- **What the task asks**:
Your answer must be the exact lines below, starting with the line with "Bar Cafe Le" and going on through the line with "Red Apartment - Residenza", both included, with no pictures.

** Extracted information follows **

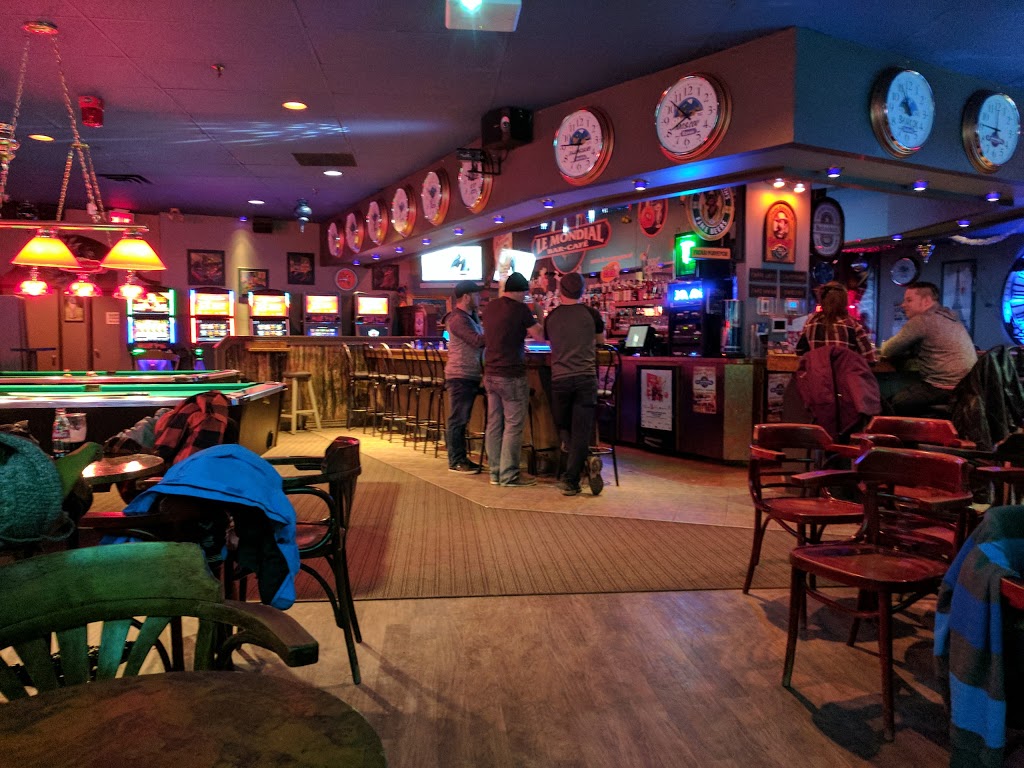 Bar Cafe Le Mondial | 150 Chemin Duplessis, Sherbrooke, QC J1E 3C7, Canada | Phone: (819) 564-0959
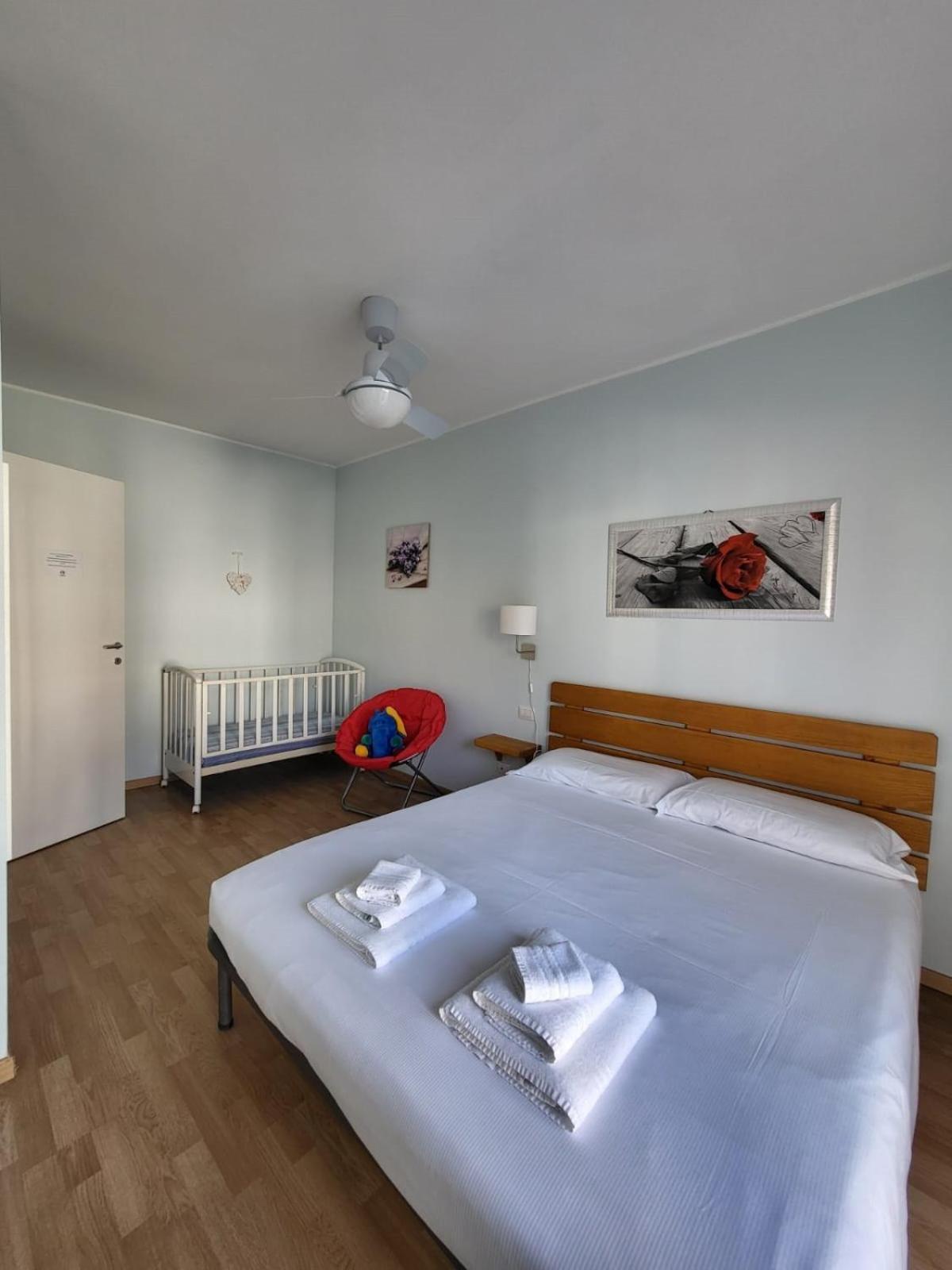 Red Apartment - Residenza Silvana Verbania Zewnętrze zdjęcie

** End of Extracted information **
** Extracted information follows **

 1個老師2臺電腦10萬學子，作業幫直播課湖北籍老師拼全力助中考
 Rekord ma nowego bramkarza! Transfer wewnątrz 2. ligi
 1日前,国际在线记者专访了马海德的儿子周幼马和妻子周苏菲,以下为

** End of Extracted information **
** Extracted information follows **

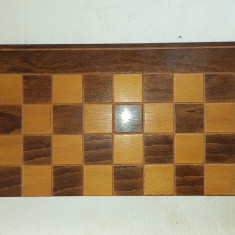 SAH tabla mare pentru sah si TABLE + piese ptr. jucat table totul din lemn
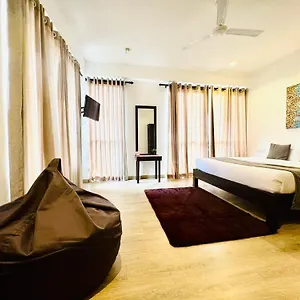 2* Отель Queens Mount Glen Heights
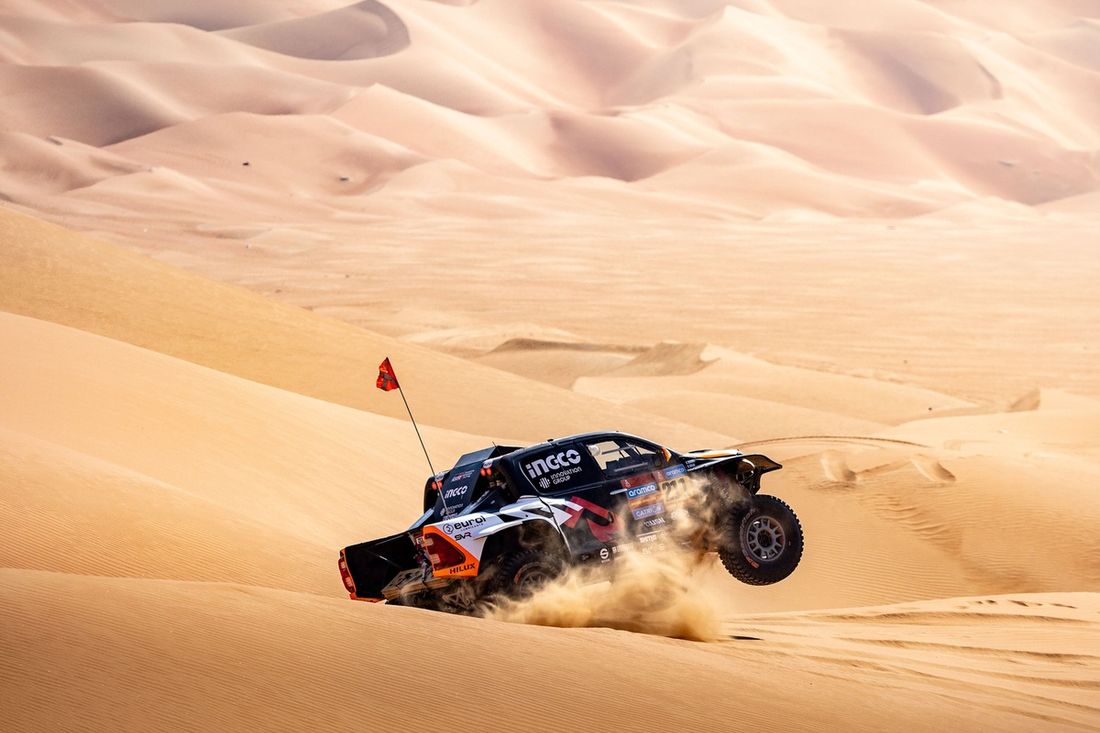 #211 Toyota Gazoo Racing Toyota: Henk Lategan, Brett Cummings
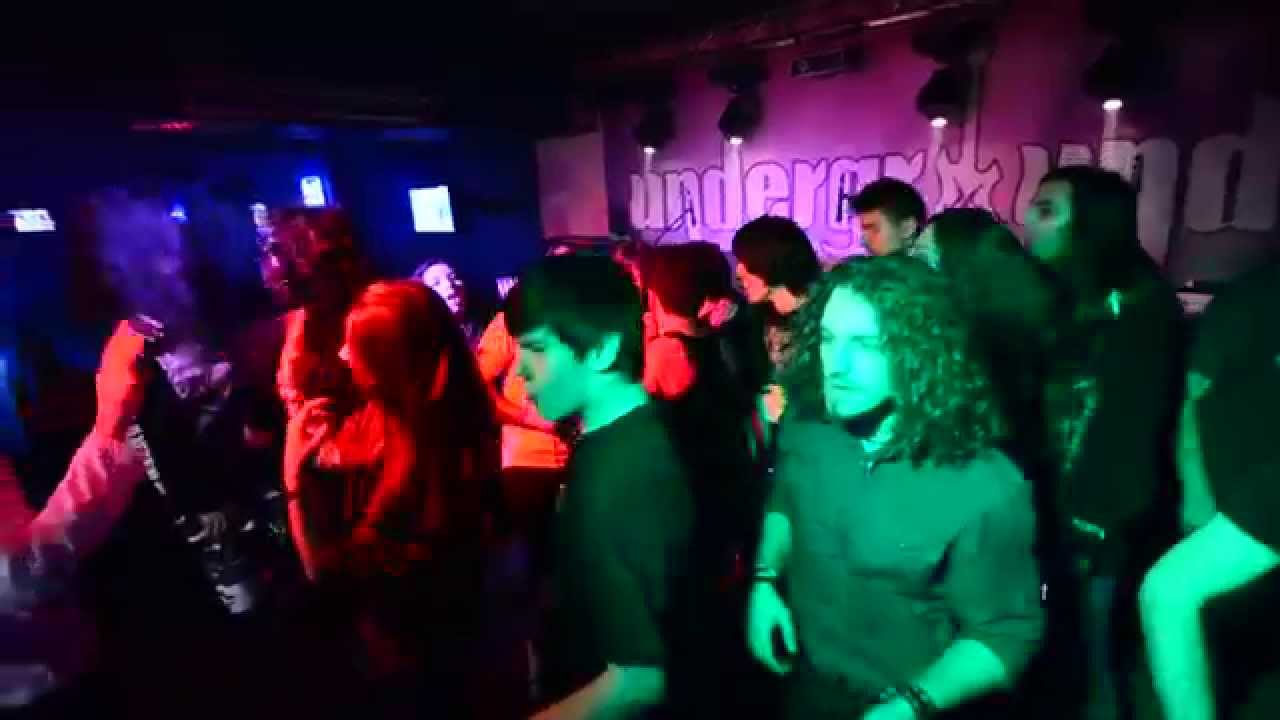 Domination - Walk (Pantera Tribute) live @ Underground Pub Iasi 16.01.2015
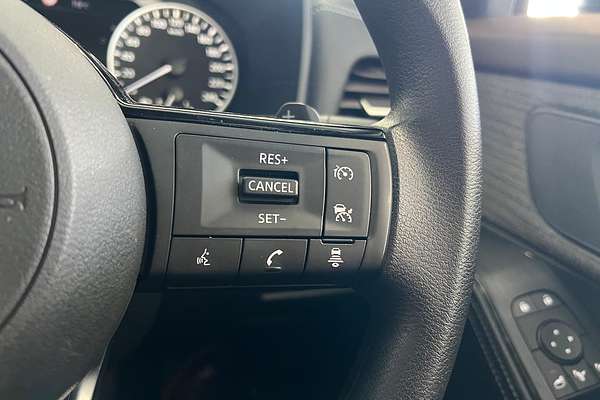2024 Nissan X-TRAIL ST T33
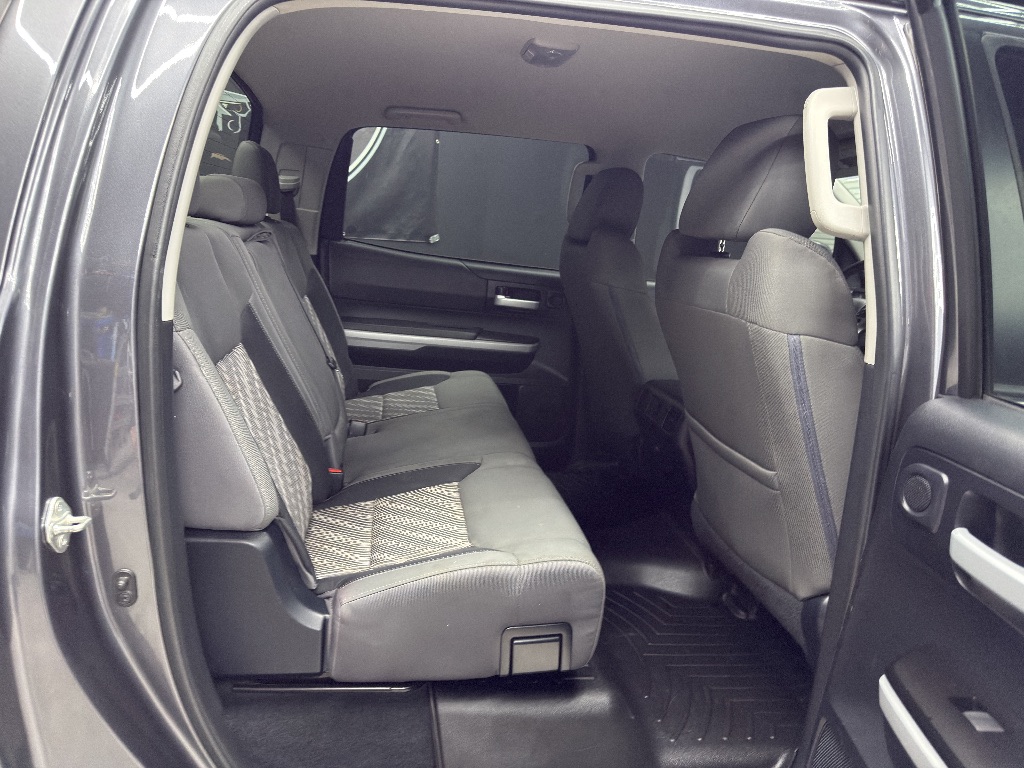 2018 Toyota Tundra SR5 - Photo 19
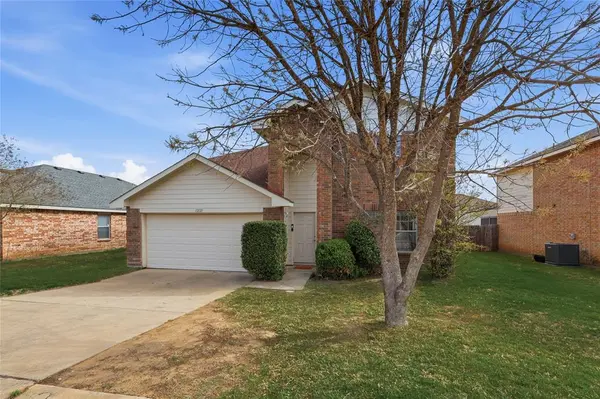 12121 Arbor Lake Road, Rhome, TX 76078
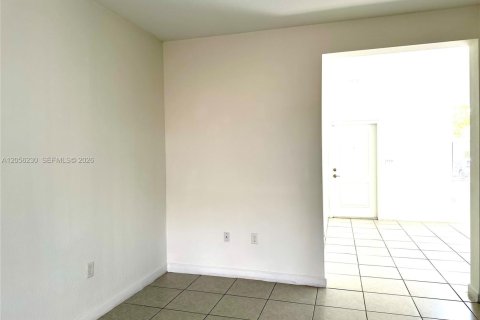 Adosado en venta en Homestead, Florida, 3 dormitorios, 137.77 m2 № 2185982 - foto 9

** End of Extracted information **

- **Answer to this exercise**:
 Bar Cafe Le Mondial | 150 Chemin Duplessis, Sherbrooke, QC J1E 3C7, Canada | Phone: (819) 564-0959
 Red Apartment - Residenza Silvana Verbania Zewnętrze zdjęcie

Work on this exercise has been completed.